TRY IT - You are to retype exactly the line with "Flat Huntsworth Mews in City of Westminster" and every line after it in the entries below.

**** DATA EXTRACTS ****

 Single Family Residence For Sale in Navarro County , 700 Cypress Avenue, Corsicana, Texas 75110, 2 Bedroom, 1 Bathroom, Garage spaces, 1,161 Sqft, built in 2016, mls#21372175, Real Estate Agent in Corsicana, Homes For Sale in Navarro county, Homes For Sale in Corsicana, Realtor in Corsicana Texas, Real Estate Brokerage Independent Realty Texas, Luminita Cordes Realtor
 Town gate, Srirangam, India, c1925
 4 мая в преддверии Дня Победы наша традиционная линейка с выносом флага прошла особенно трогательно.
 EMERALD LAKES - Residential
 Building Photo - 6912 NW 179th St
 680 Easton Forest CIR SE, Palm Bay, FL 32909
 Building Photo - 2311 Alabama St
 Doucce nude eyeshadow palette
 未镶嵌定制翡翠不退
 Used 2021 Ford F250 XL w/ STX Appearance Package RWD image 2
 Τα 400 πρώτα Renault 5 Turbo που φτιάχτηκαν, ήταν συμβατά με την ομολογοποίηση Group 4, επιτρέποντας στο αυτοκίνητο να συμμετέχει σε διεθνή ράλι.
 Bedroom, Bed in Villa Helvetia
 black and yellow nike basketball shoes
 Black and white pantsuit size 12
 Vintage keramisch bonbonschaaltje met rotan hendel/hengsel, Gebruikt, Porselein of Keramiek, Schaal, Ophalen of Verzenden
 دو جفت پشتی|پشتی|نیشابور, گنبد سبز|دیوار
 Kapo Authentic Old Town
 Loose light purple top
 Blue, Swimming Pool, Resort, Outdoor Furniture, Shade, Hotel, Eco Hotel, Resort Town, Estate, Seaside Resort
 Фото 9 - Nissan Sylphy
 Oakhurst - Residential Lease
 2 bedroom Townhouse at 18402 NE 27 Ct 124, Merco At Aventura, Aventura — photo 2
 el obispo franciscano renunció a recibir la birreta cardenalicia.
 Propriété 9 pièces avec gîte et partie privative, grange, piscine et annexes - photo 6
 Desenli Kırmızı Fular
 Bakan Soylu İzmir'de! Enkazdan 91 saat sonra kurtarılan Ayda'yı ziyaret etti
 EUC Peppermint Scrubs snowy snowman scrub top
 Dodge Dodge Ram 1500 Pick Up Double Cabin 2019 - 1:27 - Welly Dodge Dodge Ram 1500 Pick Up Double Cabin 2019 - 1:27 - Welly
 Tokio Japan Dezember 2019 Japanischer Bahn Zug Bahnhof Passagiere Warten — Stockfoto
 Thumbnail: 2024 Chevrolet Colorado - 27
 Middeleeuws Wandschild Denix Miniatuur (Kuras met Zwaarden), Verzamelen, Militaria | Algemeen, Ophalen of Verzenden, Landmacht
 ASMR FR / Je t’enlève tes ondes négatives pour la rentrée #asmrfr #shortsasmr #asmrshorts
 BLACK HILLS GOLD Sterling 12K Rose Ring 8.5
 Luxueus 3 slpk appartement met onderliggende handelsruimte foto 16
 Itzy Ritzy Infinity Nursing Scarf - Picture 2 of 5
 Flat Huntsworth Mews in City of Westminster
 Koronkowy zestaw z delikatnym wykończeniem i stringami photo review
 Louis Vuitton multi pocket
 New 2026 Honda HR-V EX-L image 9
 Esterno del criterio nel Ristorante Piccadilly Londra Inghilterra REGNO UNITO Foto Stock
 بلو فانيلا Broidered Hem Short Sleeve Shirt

****

RESPONSE -
 Flat Huntsworth Mews in City of Westminster
 Koronkowy zestaw z delikatnym wykończeniem i stringami photo review
 Louis Vuitton multi pocket
 New 2026 Honda HR-V EX-L image 9
 Esterno del criterio nel Ristorante Piccadilly Londra Inghilterra REGNO UNITO Foto Stock
 بلو فانيلا Broidered Hem Short Sleeve Shirt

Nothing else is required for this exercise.